さて、今回話したいのは、生命の神秘云々ではなく、『鳥が人を運ぶという描写』についてである。
というのも、私は先日、たくさんの鳩の群がおじいさんを運ぼうとしている光景を見かけたのである。真偽はわからないが、私にはそう見えたのだ。
ある昼下がり、私は公園を自転車で突っ切ろうとていた。
その公園には花壇に花が植っており、中央には噴水なんかもある。ベンチには日向ぼっこをしている人がいたりして、いつも、実にのどかな風景が広がっている。
ただ、その日は少し違っていた。
というのも、自転車に乗っている小汚いおじいさんに鳩が群がりすぎていたのだ。いや、正確にいうと、おじさんは自転車に跨っていたに過ぎず、乗れてはいなかった。
おじいさんの両腕には無数の鳩にたかり、自転車にも鳩たちがとまっていた。自転車の周辺にも鳩が屯していた。その横を私が自転車ですれ違おうとしたときには、、鳩を数匹轢き殺しかけた。
おじいさんはそんな感じで、なんとも自転車を漕げるよな状況ではなかったのだ。
私は思った。そのまま鳩たちにより、運ばれてしまうのではないかと。
もちろん、私の目の前で、さすがに飛んで行きはしなかった。ただ、あまりにも鳩たちがおじいさんに懐きすぎているし、おじいさんも抵抗をしていない。この公園において、私が初めて感じた違和感である。
可能性としては、おじいさんが鳩に餌付けをしているということであある。ただ、一応言っておくが、おじいさんはその時、餌なんぞ持ってはいなかった。仮に餌付けをしていたとして、両腕にとまるかね?
私は用事があったので、その場を通り過ぎ」、30分後にまた同じところを通った。
もうそこにはおじいさんはおらず、おじいさんがいた場所にて、大勢の鳩が地面を懸命につついていた。

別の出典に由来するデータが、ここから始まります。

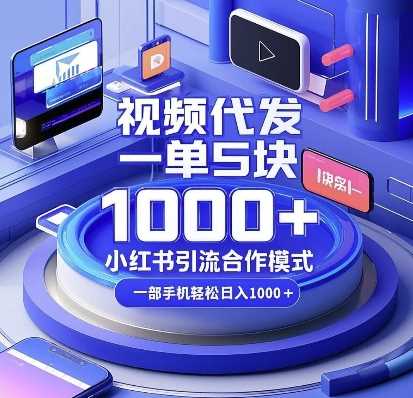 视频代发，一单5块，小红书引流合作模式，一部手机轻松日入多张【揭秘】-温馨分享网
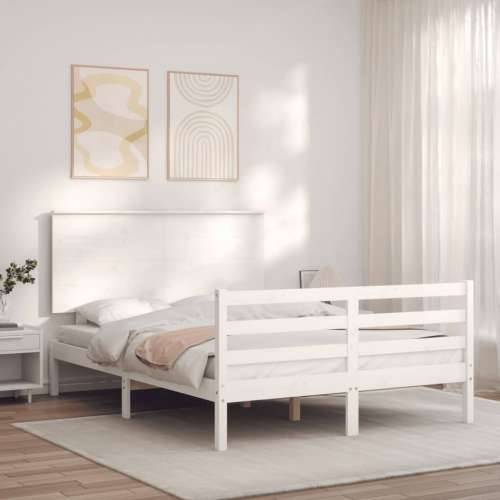 Okvir za krevet s uzglavljem bijeli 140x200 cm od masivnog drva
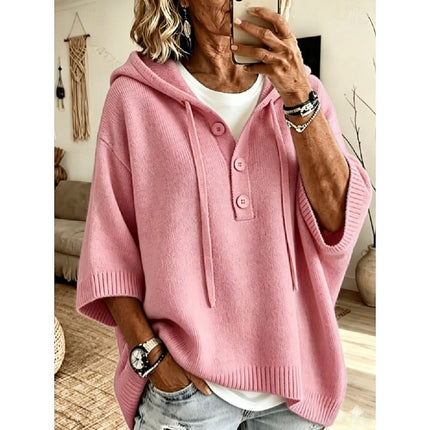 Women's Relaxed Fit Hooded Knit Sweater with Drawstring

やはりあのおやじ、餌を撒いていたんだな。そう思った。
恐らくだが、元々、おじいさんは優しさと少しの好奇心で鳩に餌をあげはじめたのではないだろうか。
だが思いの外、鳩が懐いてきて、普段誰にも相手にされないおじいさんは相当嬉しかったのだろう。
そして、あまりにも餌やりをし過ぎて鳩たちも「この人は『餌の人』である」と学習し、おじいさんが来たら寄ってくるよになったのではないだろうか。
真相はわからないが、鳥に餌をあげすぎることには注意したい。